Тамара Каленова (Заплавная) - Не хочу в рюкзак. Повести.
— Да, слушай, забыл рассказать! — спохватился Гришка. — Идем, значит, с дежурства, видим, у газетного киоска — ну, тот, что у политехнического, — драка назревает. Мы туда! Оказывается, шли универсалы, а навстречу им вечерники из политехнического. Не знаю, что там у них получилось, кажется, кто-то кого-то толкнул. Слово за слово — и полезли бы эти дураки стенка на стенку... Егор как увидал — озлился: «Эх, — говорит, — тюни! Мы здесь ходим, чтоб шпана к прохожим не приставала, а вы сами... Сейчас как врежем!» Я еще не успел опомниться, смотрю, а наши ребята и тех и других сосредоточенно этак по мордам хлещут. Бьют да приговаривают: «Не дерись!» Мне и смешно, и боюсь, как бы из-за этой возни идея не прогорела. Но вроде обошлось. Качнули мы этих недоразвитых, а они молчат, сопят... И ничего. Измаил беззвучно хохотал.
— Говоришь, молчат — и ничего?
— Ну, да... Слушай, а может, так и надо? Ни своим, ни чужим спуску не давать. А то мы как-то мало отличаемся от обычных оперотрядов...
— Нет, Гриша, хорошо, что все миром кончилось. А если б они полезли в бутылку? Потасовка, хлопот не оберешься!
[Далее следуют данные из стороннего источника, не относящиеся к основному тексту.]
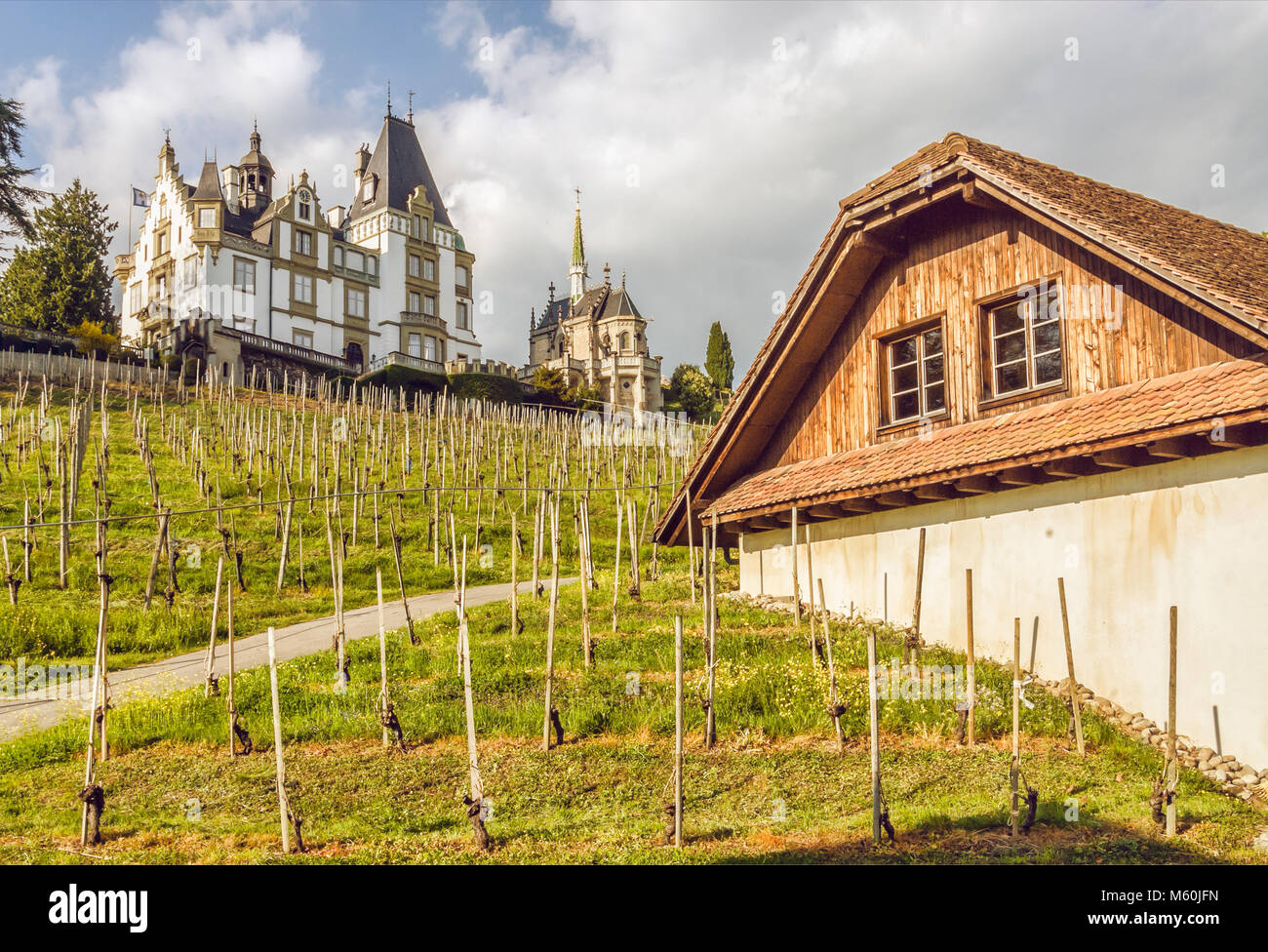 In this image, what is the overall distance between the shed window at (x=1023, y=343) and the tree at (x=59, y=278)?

— Волков бояться — в лес не ходить. Нужно, старик, железом внушать: поднял руку — получай наличными! Только так!
Маша не вытерпела, вмешалась:
— Может, хватит, блюстители? Гришка ничего не ел. Прямо беда с вами...
Она уже давно разогрела картошку, и чай закипел.
— С удовольствием! — потер руки Гришка. — Только вот сбегаю, попрошу конспекты, пока девчонки не легли спать...
Вышел за дверь и тут же вернулся:
— Нет, пожалуй, поем. Пятиминутное дело, правда?
— Правда, Гришенька, правда, — смеясь, подтвердила Маша. — А то вон ты какой тощий... Все бегаешь.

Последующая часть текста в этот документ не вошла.